Este eixo de pesquisa busca prospectar possíveis caminhos para uma desglobalização estratégica e emancipatória no campo tecnológico. Essa abordagem implica a reconfiguração de cadeias produtivas e sistemas de inovação rumo a maior grau de autonomia relativa frente aos circuitos globais dominantes. Nesse sentido, explora-se a substituição de infraestruturas tecnológicas críticas — como redes de comunicação, sistemas de posicionamento global e satélites — por alternativas desenvolvidas localmente ou em cooperação regional. Paralelamente, investiga-se o potencial de construção de ecossistemas locais de inovação, capazes de integrar agentes públicos e privados, universidades, centros de pesquisa e empresas em torno de projetos coletivos de desenvolvimento tecnológico sustentáveis e socialmente relevantes.
Objetivos
- Produzir diagnósticos críticos sobre os obstáculos ao desenvolvimento tecnológico autônomo: Investigar e analisar as barreiras estruturais, econômicas, políticas e institucionais que impedem ou dificultam o avanço de capacidades tecnológicas independentes em países periféricos, com ênfase nos condicionantes globais e locais que reforçam a dependência tecnológica.
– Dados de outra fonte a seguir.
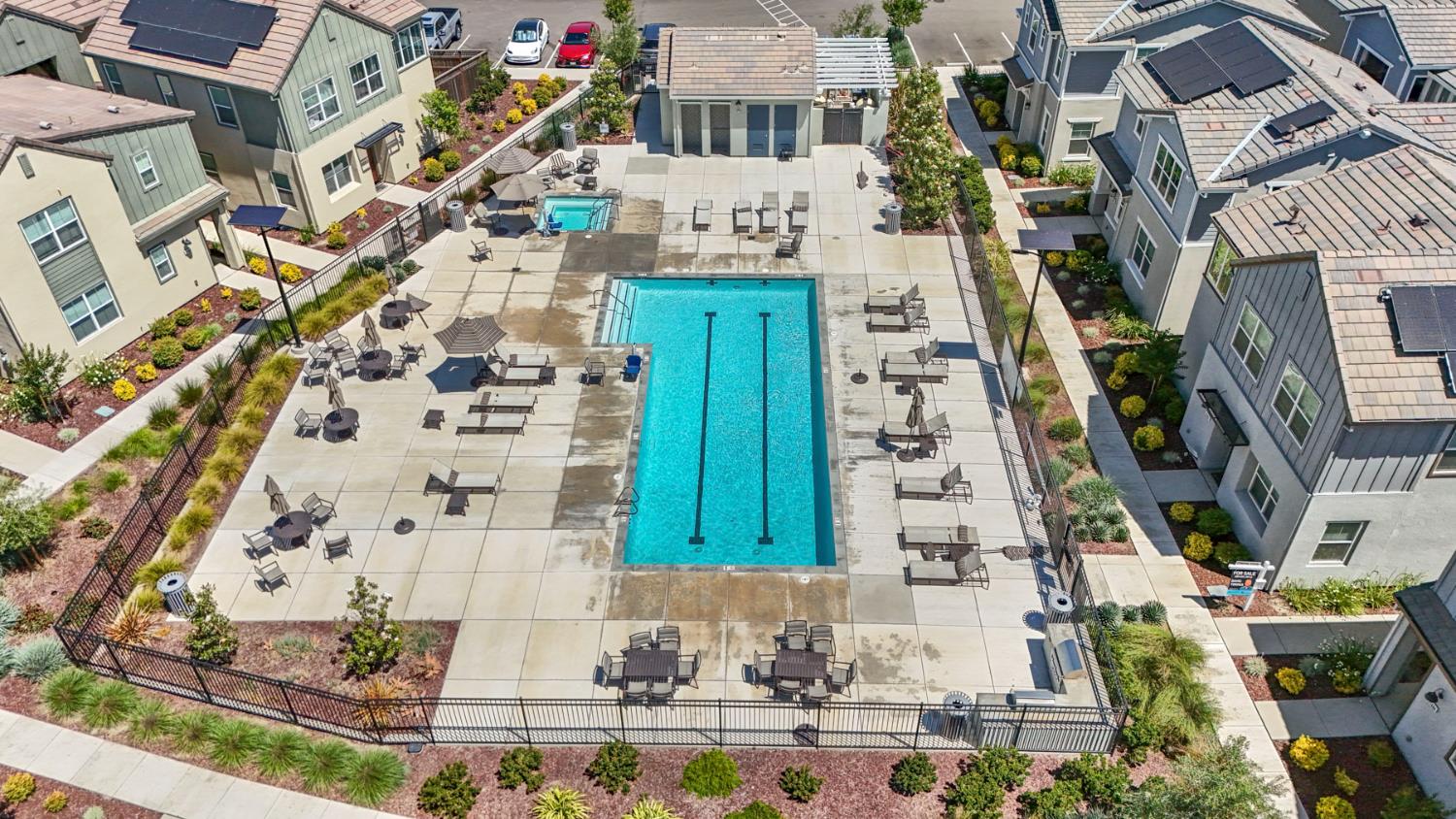 Detail Gallery Image 44 of 54 For 17481 Nightshore Dr, Lathrop,  CA 95330 - 3 Beds | 2 Baths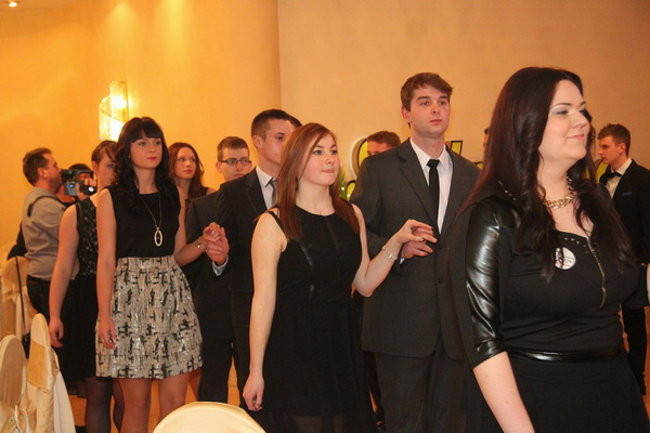 Studniówka z karaoke (zdjęcia)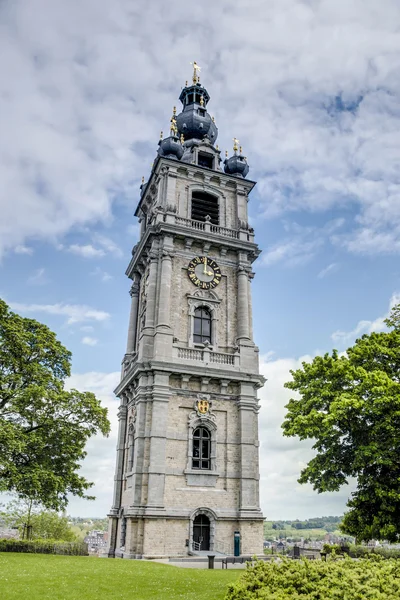 在比利时蒙斯市中心钟楼. — 图库照片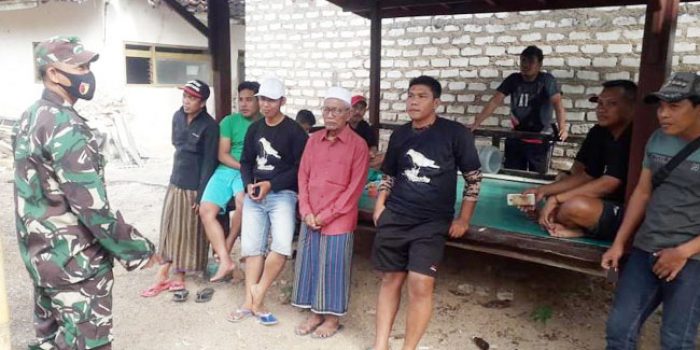 https://seputarmadura.com/wp-content/uploads/2020/08/Jelang-HUT-RI-ke-75-Babinsa-Koramil-Sapudi-Imbau-Warga-Pasang-Bendera-Merah-Putih.jpg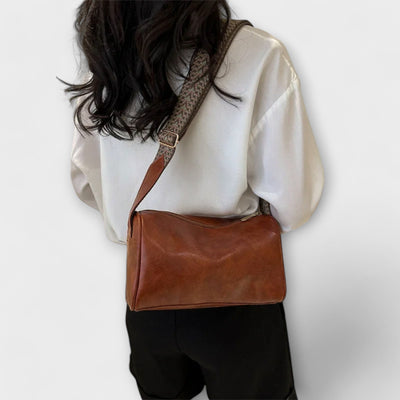Monika. - Vintage Crossbody taška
- Formular propostas de políticas públicas e estratégias econômicas para superar a subordinação periférica na divisão internacional do trabalho tecnológico: Desenvolver alternativas concretas de natureza política e econômica capazes de promover maior autonomia tecnológica, reduzindo a vulnerabilidade e a dependência dos países em desenvolvimento em relação aos centros hegemônicos de produção e controle da inovação.
- Fomentar e articular redes colaborativas de pesquisa comprometidas com a justiça tecnológica global: Incentivar a cooperação entre pesquisadores, instituições e movimentos sociais nacionais e internacionais com o objetivo de construir um campo de conhecimento solidário e engajado na promoção de uma distribuição mais equitativa dos benefícios e responsabilidades da revolução tecnológica contemporânea.
- Subsidiar a formulação e implementação de políticas de ciência, tecnologia e inovação (CT&I) em países em desenvolvimento: Oferecer análises, estudos e recomendações baseadas em evidências para apoiar a construção de políticas públicas robustas e adaptadas aos contextos locais, visando fortalecer os sistemas nacionais de inovação e sua capacidade de responder aos desafios socioeconômicos.
- Contribuir para os debates e processos de tomada de decisão na governança digital internacional: Participar ativamente de fóruns multilaterais propondo diretrizes e princípios para uma governança da internet e das tecnologias digitais mais democrática, inclusiva e respeitosa com os direitos soberanos dos Estados.
- Articular movimentos sociais e instituições públicas na defesa de uma agenda de democratização tecnológica: Promover a convergência entre diferentes atores da sociedade civil e agentes estatais para a construção coletiva de iniciativas que garantam acesso equitativo às tecnologias, participação cidadã nos processos decisórios e uso ético e socialmente responsável da inovação.